En nuestro gremio están los que descienden de castas de escribas o los que se desviaron de mandatos familiares para anclar en este oficio socialmente molesto, políticamente necesario, cotidianamente descartable por el imperio de las noticias.
Pertenezco a la segunda rama. Mi familia es un clan de abogados y de otras profesiones mejor miradas y menos sospechadas.
A mis padres, tíos, hermanos y primos nadie les ha dicho, aún en la intrascendencia de un cumpleaños infantil en la calesita del barrio, “ojo que esto no es para publicar”, “mirá que lo que hablamos es entre nosotros” o “por favor, por nada del mundo se te ocurra citarme”. A ninguno de ellos les han pedido, aún en casos de patentes pavadas, “en todo caso antes de hacer algo mandame el borrador así le doy el OK”.
Además de haber pasado años comiendo apurado, durmiendo poco y en vilo a la espera de novedades, mientras aguzaba el ingenio para que mis letras sobresalieran entre miles de millones, he tenido oportunidad de conocer mucha gente. De bastante cerca, hasta reparar en la verdadera salud de su cutis, he frecuentado a ricos y famosos, sin serlo, a corruptos y miserables, sin serlo, y a mujeres hermosas y sensuales que me daban su teléfono más privado a cambio de prensa gratis, sólo para eso.
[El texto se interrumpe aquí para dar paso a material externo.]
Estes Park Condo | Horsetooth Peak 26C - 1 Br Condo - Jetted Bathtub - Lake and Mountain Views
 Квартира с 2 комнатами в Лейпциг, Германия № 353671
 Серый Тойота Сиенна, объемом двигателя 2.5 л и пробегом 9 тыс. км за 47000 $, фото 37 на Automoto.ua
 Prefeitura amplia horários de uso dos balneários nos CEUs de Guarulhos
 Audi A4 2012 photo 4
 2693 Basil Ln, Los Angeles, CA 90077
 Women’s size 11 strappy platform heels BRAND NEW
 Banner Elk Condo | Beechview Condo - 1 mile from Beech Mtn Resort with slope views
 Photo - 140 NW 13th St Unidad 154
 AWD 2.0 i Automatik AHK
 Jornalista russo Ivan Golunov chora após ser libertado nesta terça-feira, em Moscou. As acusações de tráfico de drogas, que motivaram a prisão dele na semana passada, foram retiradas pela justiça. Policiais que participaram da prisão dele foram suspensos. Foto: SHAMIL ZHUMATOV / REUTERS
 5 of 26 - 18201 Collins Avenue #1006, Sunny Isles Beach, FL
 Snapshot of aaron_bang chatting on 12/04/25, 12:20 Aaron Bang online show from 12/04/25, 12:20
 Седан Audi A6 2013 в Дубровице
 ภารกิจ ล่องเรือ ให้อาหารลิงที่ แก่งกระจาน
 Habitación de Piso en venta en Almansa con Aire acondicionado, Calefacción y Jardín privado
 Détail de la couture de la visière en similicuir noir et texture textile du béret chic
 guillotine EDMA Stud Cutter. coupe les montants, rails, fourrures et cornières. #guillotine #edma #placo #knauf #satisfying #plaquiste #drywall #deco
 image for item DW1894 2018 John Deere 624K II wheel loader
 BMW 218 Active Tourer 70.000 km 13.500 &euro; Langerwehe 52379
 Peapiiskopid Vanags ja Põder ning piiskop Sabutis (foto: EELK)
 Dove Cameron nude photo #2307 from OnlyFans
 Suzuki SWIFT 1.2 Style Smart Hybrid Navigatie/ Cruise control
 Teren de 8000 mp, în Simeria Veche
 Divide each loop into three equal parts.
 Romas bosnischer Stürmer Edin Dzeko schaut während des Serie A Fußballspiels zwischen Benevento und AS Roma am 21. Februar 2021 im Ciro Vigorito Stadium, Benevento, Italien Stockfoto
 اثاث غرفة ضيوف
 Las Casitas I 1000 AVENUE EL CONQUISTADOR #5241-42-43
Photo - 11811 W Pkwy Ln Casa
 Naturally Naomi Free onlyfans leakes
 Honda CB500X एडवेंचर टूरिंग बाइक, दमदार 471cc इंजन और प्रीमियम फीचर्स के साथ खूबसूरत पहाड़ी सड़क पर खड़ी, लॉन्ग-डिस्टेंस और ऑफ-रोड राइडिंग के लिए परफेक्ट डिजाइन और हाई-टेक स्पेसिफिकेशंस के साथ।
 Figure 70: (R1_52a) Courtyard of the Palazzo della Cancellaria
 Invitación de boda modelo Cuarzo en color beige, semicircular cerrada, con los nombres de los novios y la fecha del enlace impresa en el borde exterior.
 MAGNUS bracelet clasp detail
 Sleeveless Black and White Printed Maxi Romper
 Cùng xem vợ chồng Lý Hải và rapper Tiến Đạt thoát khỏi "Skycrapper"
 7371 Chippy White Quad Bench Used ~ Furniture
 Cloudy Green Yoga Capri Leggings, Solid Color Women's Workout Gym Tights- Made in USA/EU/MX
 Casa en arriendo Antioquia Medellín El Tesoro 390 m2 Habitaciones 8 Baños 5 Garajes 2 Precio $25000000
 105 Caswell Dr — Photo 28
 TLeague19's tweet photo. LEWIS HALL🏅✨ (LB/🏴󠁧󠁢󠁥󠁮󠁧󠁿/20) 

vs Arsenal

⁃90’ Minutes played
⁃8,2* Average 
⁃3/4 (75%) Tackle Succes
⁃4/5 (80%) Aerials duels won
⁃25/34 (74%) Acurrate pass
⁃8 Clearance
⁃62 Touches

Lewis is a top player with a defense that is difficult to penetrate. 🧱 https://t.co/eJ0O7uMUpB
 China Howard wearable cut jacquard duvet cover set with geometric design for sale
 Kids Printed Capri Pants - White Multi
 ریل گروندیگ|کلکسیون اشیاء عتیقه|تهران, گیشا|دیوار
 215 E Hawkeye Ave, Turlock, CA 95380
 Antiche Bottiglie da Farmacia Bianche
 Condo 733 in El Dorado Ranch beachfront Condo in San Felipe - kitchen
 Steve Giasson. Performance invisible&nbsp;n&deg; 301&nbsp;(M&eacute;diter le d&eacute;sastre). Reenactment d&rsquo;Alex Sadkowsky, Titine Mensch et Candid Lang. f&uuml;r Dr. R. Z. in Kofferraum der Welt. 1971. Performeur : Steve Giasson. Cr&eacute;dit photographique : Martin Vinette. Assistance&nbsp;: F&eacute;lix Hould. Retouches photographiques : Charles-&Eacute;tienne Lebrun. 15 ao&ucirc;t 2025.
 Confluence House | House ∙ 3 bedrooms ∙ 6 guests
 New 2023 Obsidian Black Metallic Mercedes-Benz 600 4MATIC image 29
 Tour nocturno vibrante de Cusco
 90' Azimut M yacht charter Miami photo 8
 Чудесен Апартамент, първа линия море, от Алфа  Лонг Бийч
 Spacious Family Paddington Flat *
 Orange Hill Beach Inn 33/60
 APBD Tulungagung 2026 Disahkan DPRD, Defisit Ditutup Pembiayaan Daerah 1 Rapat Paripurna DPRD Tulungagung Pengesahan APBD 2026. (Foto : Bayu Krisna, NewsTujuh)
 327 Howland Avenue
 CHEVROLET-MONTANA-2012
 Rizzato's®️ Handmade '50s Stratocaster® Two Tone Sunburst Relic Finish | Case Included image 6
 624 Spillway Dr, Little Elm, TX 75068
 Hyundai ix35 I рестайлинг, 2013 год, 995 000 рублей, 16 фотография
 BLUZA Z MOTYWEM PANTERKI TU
Han pasado los años y siempre tengo la sensación de que mi querida familia, la AFIP, el cura confesor y hasta el chino del súper me siguen viendo como un bicho raro que lleva oculto el aguijón en la mochila. Tal vez sea la estructura paranoica que se apodera de cualquier cronista después de un tiempo prudencial de vida útil, pero en el único lugar que no siento esa mirada desconfiada es en la querida canchita de futbol 5 de los sábados, porque ahí lo que importa es otra cosa y fundamentalmente porque en nuestro equipo de estrellas supra y sub 60 hay, en buen número, colegas periodistas.
Mientras cuento esto, reparo en que mis seres queridos y los que no lo son tanto suelen tener una imagen de los periodistas similar a la de los futbolistas. A los dos colectivos los juzgan como prósperos, rutilantes, dignos de envidiar.
E igualmente, a pateadores de pelota y e informadores nos reclaman los buenos momentos y entretenciones que alivien la angustia existencial. Debo aclarar, querido público, que al menos en mi caso, no siento parecido alguno con los muchachos del balompié, fundamentalmente por la cruda realidad de mi cuenta bancaria.
Es más, si existe la reencarnación y no me toca ser en la próxima vida una mujer paraguaya ni un insecto volador, me gustaría volver como futbolista. Para meter goles de todos los colores y decirle a esos reporteros molestos “disculpame, hoy no tengo ganas de hacer declaraciones porque ustedes desfiguran todo”.